> **Problem to work on**
Starting at the first line of the listing below, repeat each line exactly until you have repeated the one containing "مكلف بل نشر"; skip the pictures.

+ + +

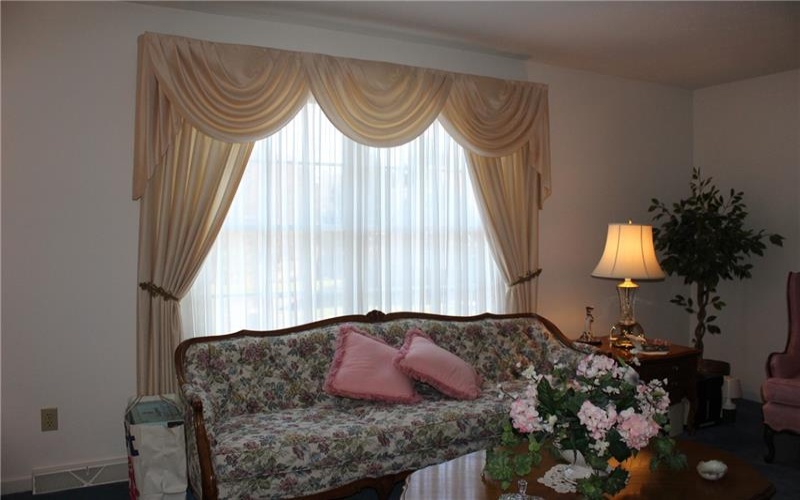303 Apple Blossom Ct, Delmont, 15626, 3 Bedrooms Bedrooms, 9 Rooms Rooms,2.1 BathroomsBathrooms,Residential,For Sale,Apple Blossom Ct,1692505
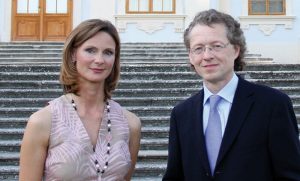 Präsidentin Philippa Königsegg-Aulendorf und künstlerischer Leiter Robert Lehrbaumer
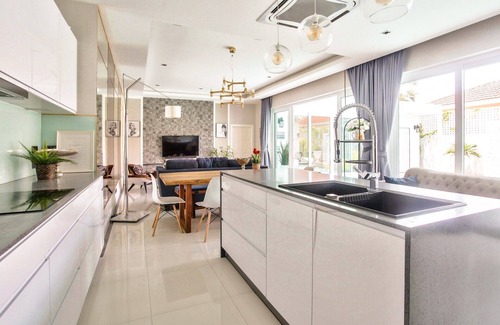 Na Kluea Villa | Luxury Pool Villa Pattaya - Ocean 1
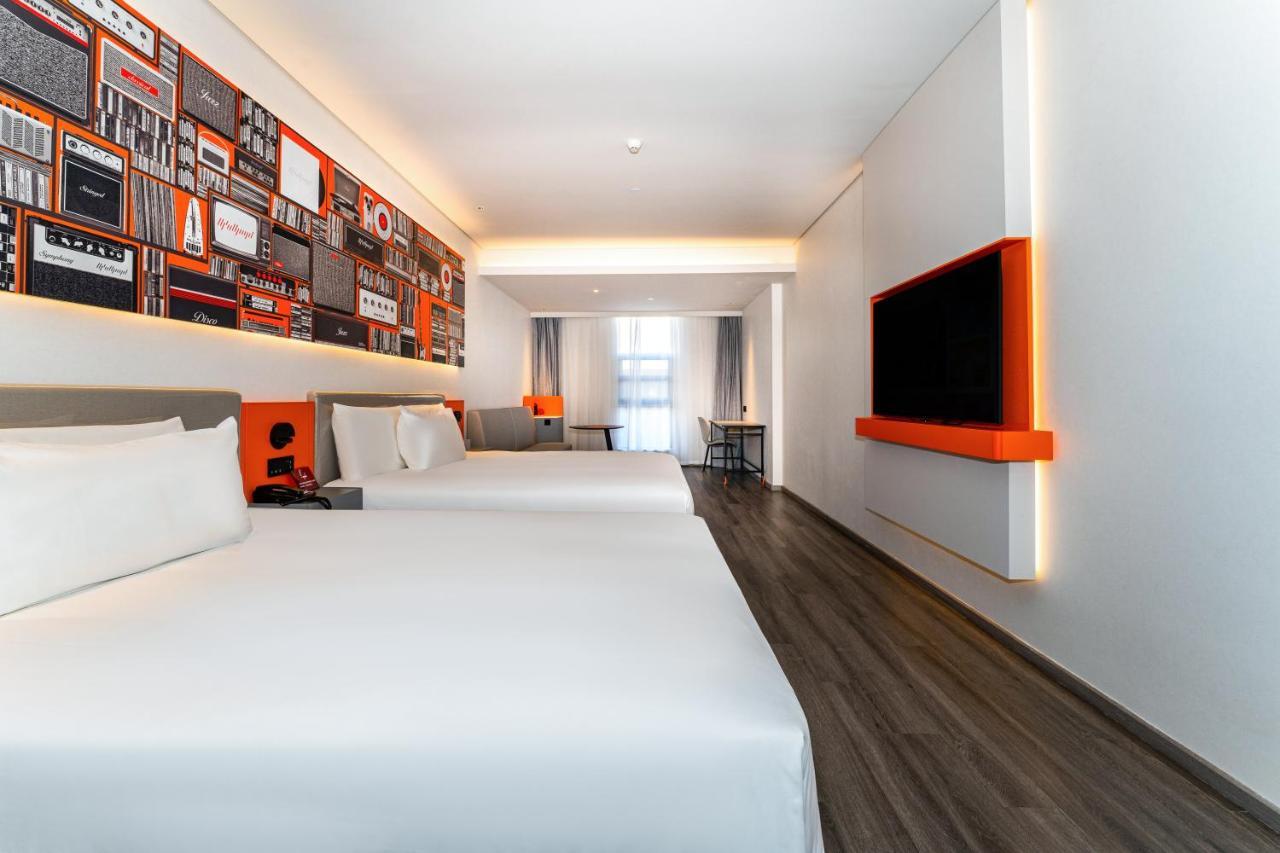 Ibis Styles Hotel - 260M From Guangji Street Subway Station Xian Bagian luar foto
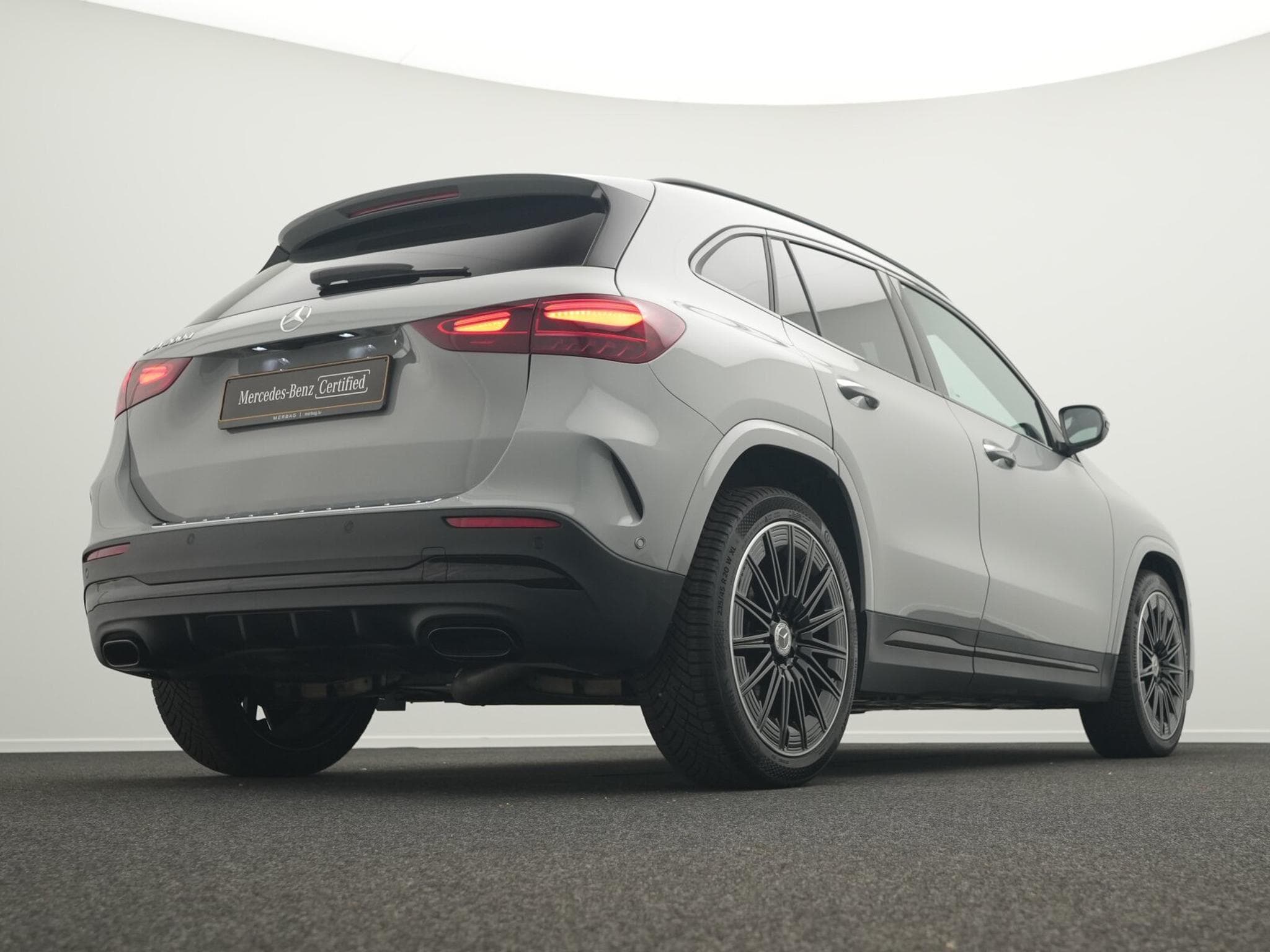 Mercedes GLA 200 d AMG-Line Multi+Kamera+Night+20"+MBUX (2025) - Photo 11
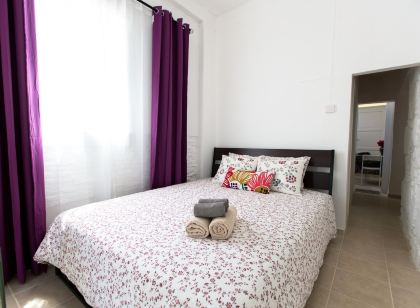 Aladdin's Hostel
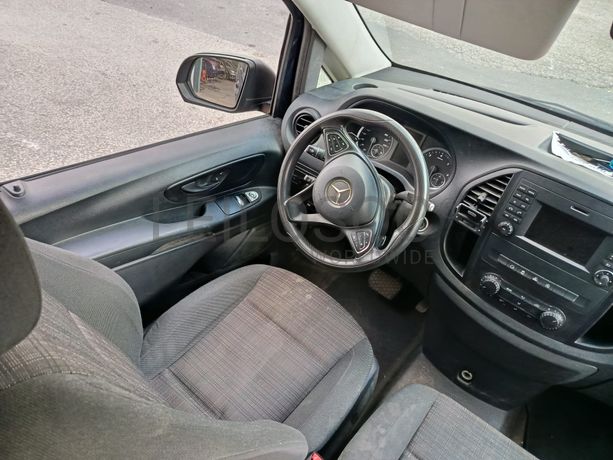 Mercedes-Benz Vito Tourer 116CDI · 9 Lugares · Ano 2018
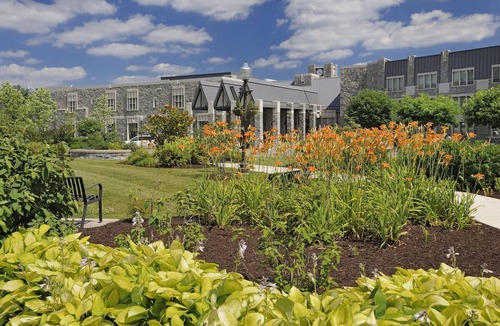 Blacksburg Hotel | 3 Units Near Virginia Tech | Free Parking | Spacious Stays in Blacksburg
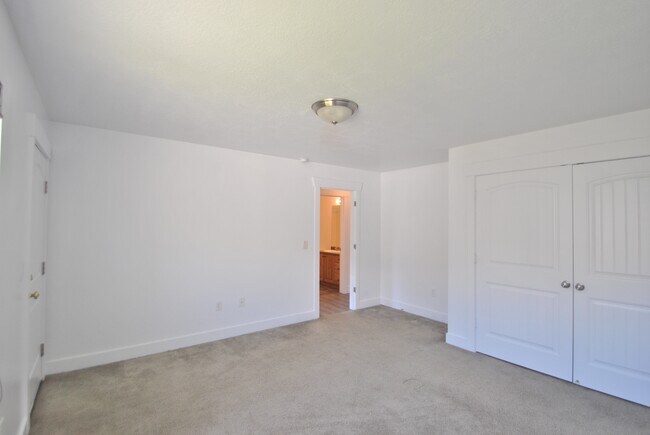 Building Photo - 387 S 1250 E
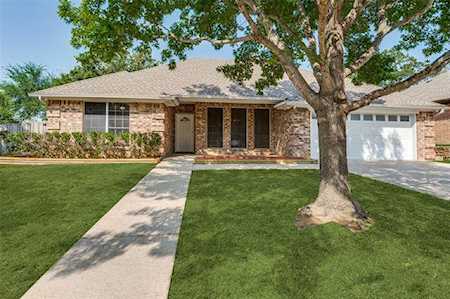 9301 Weeping Willow Drive North Richland Hills, TX 76182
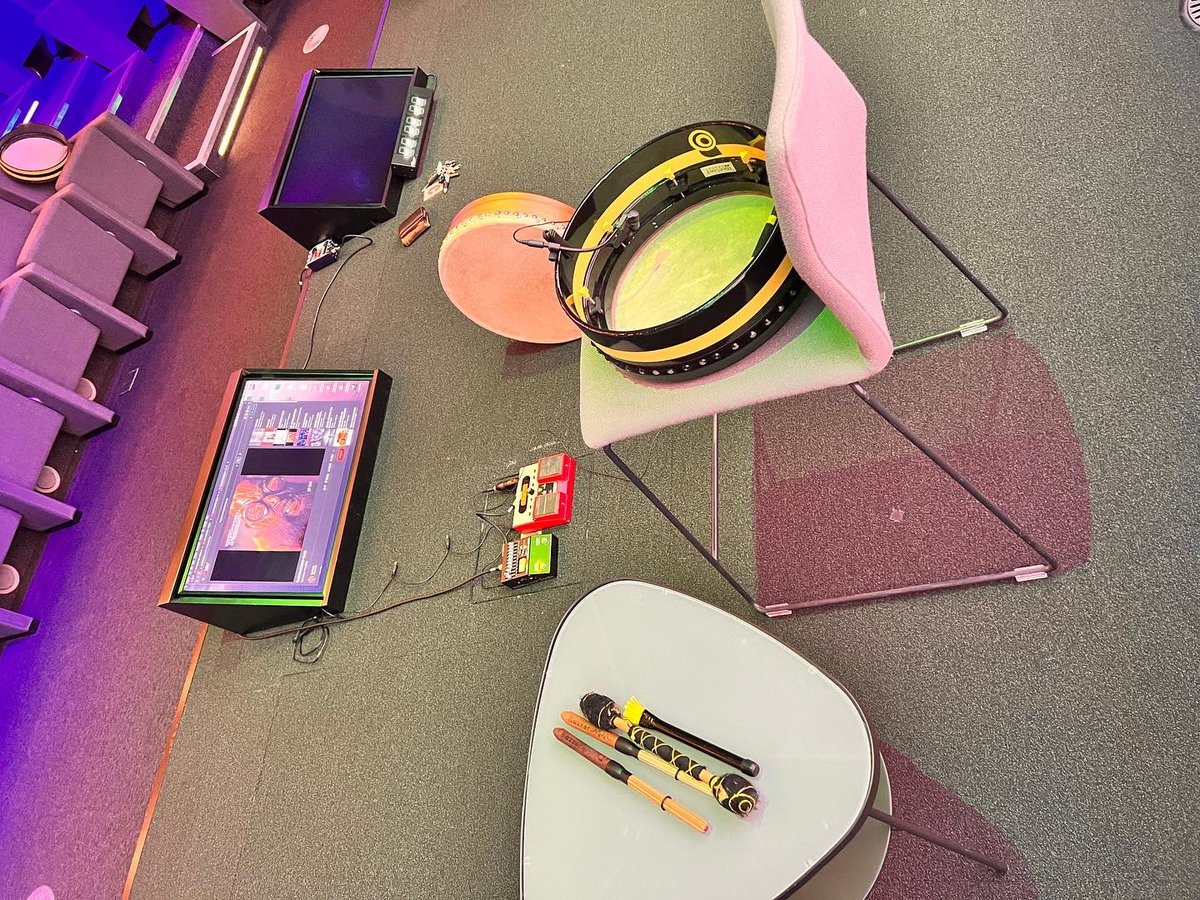 TheBodhranBuzz's tweet photo. A great morning spent in the Google European HQ in Dublin. #googlehqdublin #bodhranworkshops #learntrad #thebodhranbuzz #drummingworkshops #google https://t.co/laYtWvCRwI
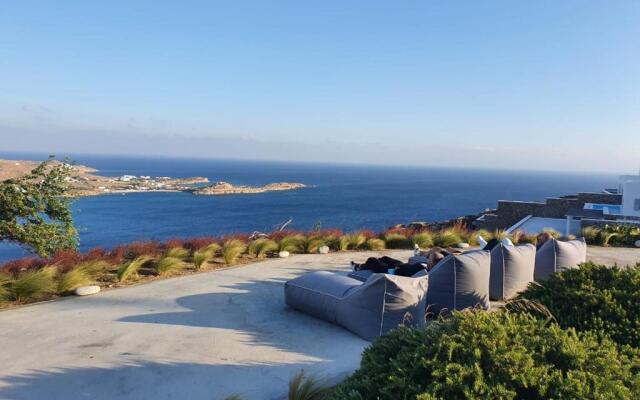 Psarou Summer Villa Mykonos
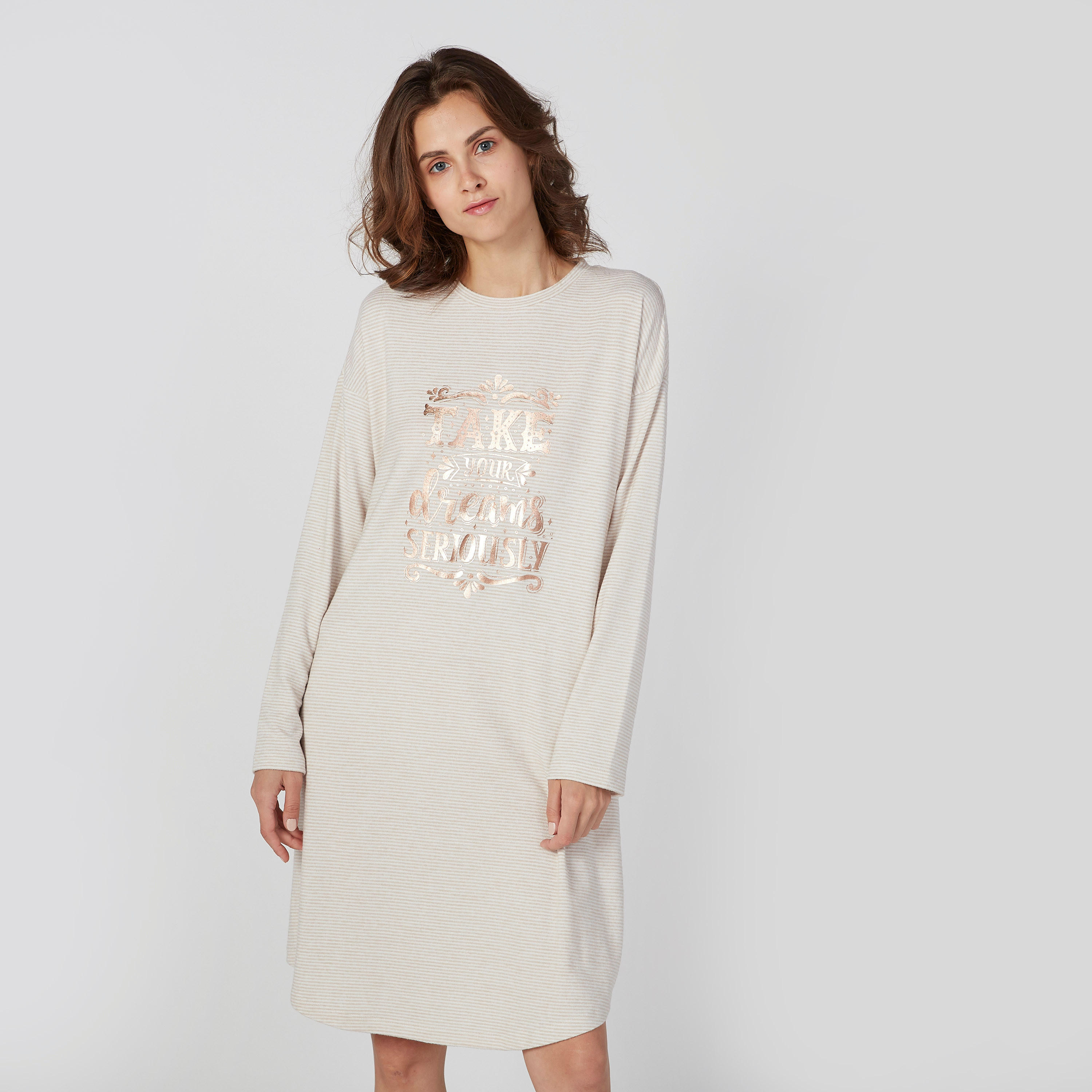 قميص نوم بياقة مستديرة وأكتاف منسدلة وطبعات-women-clothing-nightwear-nighties-image-4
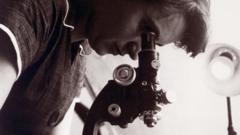 GCSE Fen Derslerinde Sadece Bir Kadın Bilim İnsanı: Rosalind Franklin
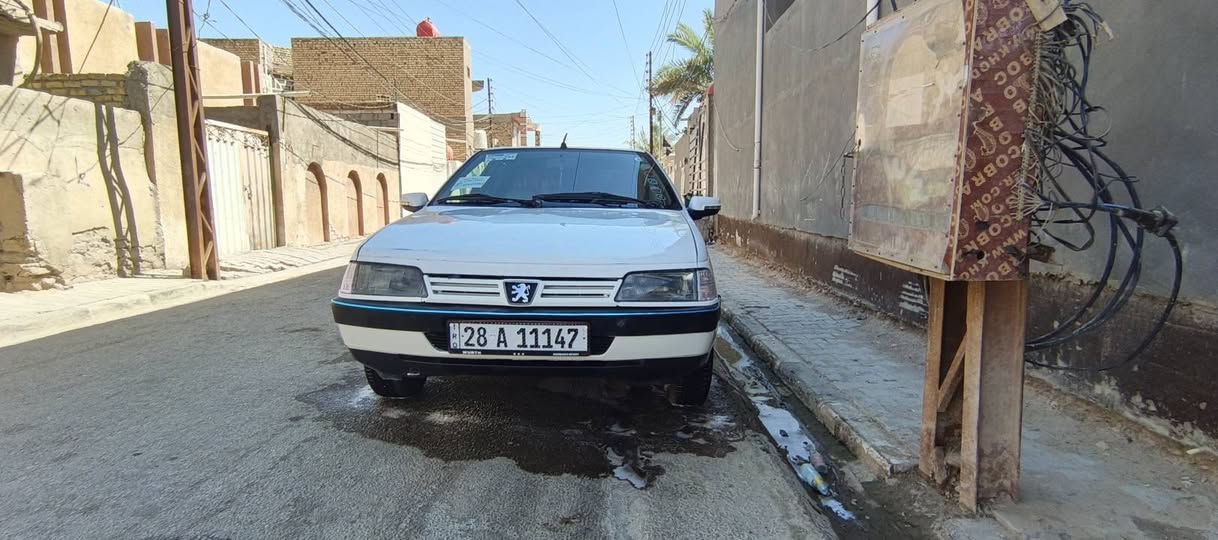 السلام عليكم
بيجو 405 GLx موديل 2011لبيع 
سيارة جاهزه مكينه كير حلوات خير من الله تبريد شغال ثلج 🥶مكفولة من ظربه  أو لصبغ حدايه جديده مشط جديد تخم تاير جاهزه سياره من كلشي كهربائيات كلها شغاله سياره مالت جناي، تأخذها مذب عليها ألف حلوه سياره صفاحه تخبل سياره تعجبك تعال شوفها بيك خير اودلل ماعحبك المنشور ولاجنك شايفه عبره 
مكلف بل نشر رقم صاحب *********** مكانه نجف قضاء، مشخاب
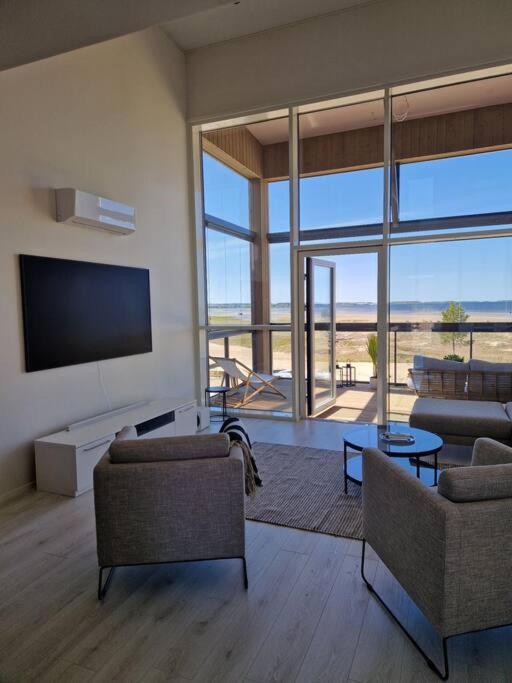 Beach house photo 2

+ + +

> **Output**
303 Apple Blossom Ct, Delmont, 15626, 3 Bedrooms Bedrooms, 9 Rooms Rooms,2.1 BathroomsBathrooms,Residential,For Sale,Apple Blossom Ct,1692505
 Präsidentin Philippa Königsegg-Aulendorf und künstlerischer Leiter Robert Lehrbaumer
 Na Kluea Villa | Luxury Pool Villa Pattaya - Ocean 1
 Ibis Styles Hotel - 260M From Guangji Street Subway Station Xian Bagian luar foto
 Mercedes GLA 200 d AMG-Line Multi+Kamera+Night+20"+MBUX (2025) - Photo 11
 Aladdin's Hostel
 Mercedes-Benz Vito Tourer 116CDI · 9 Lugares · Ano 2018
 Blacksburg Hotel | 3 Units Near Virginia Tech | Free Parking | Spacious Stays in Blacksburg
 Building Photo - 387 S 1250 E
 9301 Weeping Willow Drive North Richland Hills, TX 76182
 TheBodhranBuzz's tweet photo. A great morning spent in the Google European HQ in Dublin. #googlehqdublin #bodhranworkshops #learntrad #thebodhranbuzz #drummingworkshops #google https://t.co/laYtWvCRwI
 Psarou Summer Villa Mykonos
 قميص نوم بياقة مستديرة وأكتاف منسدلة وطبعات-women-clothing-nightwear-nighties-image-4
 GCSE Fen Derslerinde Sadece Bir Kadın Bilim İnsanı: Rosalind Franklin
 السلام عليكم
بيجو 405 GLx موديل 2011لبيع 
سيارة جاهزه مكينه كير حلوات خير من الله تبريد شغال ثلج 🥶مكفولة من ظربه  أو لصبغ حدايه جديده مشط جديد تخم تاير جاهزه سياره من كلشي كهربائيات كلها شغاله سياره مالت جناي، تأخذها مذب عليها ألف حلوه سياره صفاحه تخبل سياره تعجبك تعال شوفها بيك خير اودلل ماعحبك المنشور ولاجنك شايفه عبره 
مكلف بل نشر رقم صاحب *********** مكانه نجف قضاء، مشخاب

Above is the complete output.